*Task to complete:* Using the data that follows, output only the lines from the line with "维也纳森林小区 3房2厅128万" up to and including the line with "경기도의회 교육행정위원회 김회철 의원(더불어민주당,화성6)", exactly, leaving pictures aside.

*The records:*
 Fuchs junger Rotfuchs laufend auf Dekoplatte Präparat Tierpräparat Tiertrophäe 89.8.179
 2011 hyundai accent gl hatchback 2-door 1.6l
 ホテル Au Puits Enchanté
---
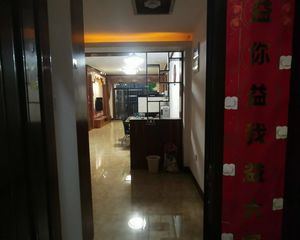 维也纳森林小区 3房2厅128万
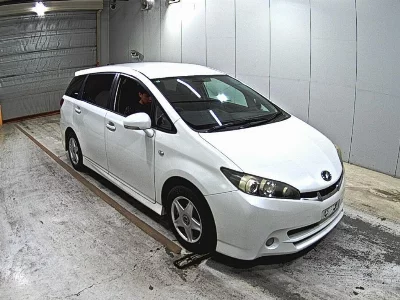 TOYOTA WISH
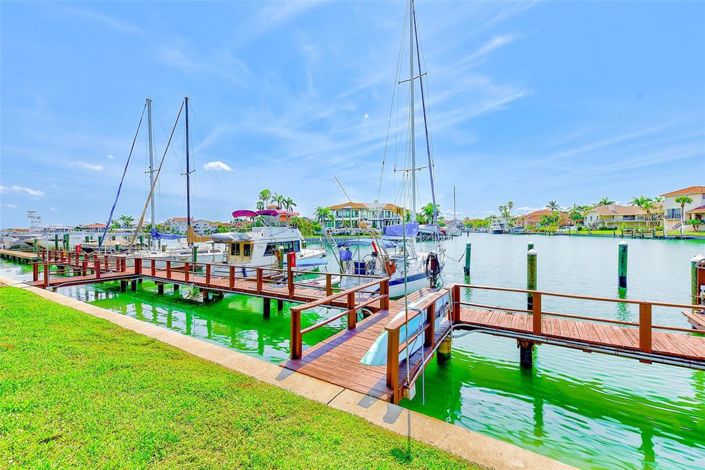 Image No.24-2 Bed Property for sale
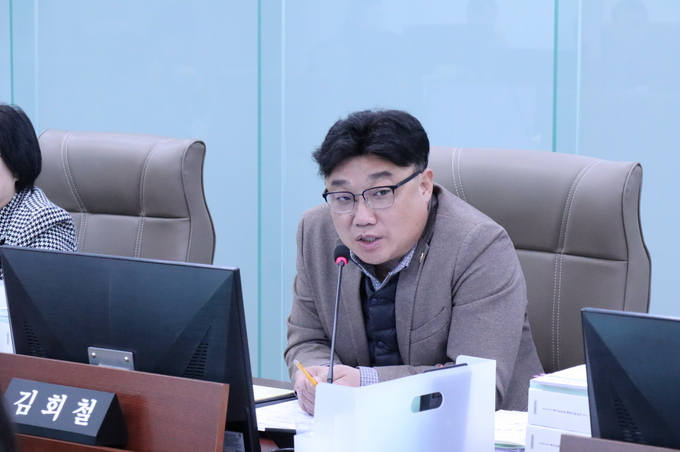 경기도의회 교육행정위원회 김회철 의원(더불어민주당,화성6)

*Your solution:*
 维也纳森林小区 3房2厅128万
 TOYOTA WISH
 Image No.24-2 Bed Property for sale
 경기도의회 교육행정위원회 김회철 의원(더불어민주당,화성6)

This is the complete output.